Patrimoine classé Vestiges Gallo-romain Oppidum

Oppidum du Casterat à Ibos

    Le Village
    65420 Ibos
Propriété privée

Frise chronologique

Époque contemporaine
2000
26 décembre 1984
Classement Monument Historique
Aujourd'hui
Aujourd'hui

Patrimoine classé

Oppidum du Casterat (cad. AH 36, 45, 58) : inscription par arrêté du 26 décembre 1984

Personnages clés

Information non disponible - Aucun personnage cité Sources ne mentionnent aucun acteur historique.

Origine et histoire

L'oppidum du Casterat est un site archéologique situé sur la commune d'Ibos, dans le département des Hautes-Pyrénées (65), en région Occitanie. Ce monument, daté de la Protohistoire, illustre l'importance des oppida comme lieux de refuge et de contrôle territorial durant cette période. Son emplacement stratégique suggère un rôle défensif et économique pour les populations locales.

L'oppidum a été inscrit comme Monument Historique par arrêté du 26 décembre 1984, protégeant ainsi les vestiges situés sur les parcelles cadastrales AH 36, 45 et 58. Bien que les sources disponibles (Monumentum, données Mérimée) ne précisent pas les détails de sa construction ou de son occupation, son classement atteste de sa valeur patrimoniale. La localisation approximative, notée comme « passable » (niveau 5/10), place le site près du lieu-dit L'Oumpre, à Ibos.

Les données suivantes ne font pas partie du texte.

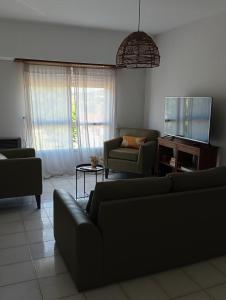 a living room with two couches and a table at Apartamento El Cerrito in Tandil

À la Protohistoire, les oppida étaient des lieux centraux pour les communautés gauloises ou ibères, servant de points de rassemblement, de commerce et de défense. Ces sites reflètent une organisation sociale hiérarchisée et des échanges culturels intenses en Europe de l'Ouest. L'oppidum du Casterat s'inscrit dans ce contexte régional, bien que ses spécificités locales restent partiellement documentées.

Aujourd’hui, le site ne semble pas ouvert systématiquement à la visite, et les informations pratiques (accès, horaires) ne sont pas détaillées dans les sources disponibles. Son étude relève davantage de la recherche archéologique que du tourisme grand public, soulignant son intérêt scientifique plutôt que récréatif.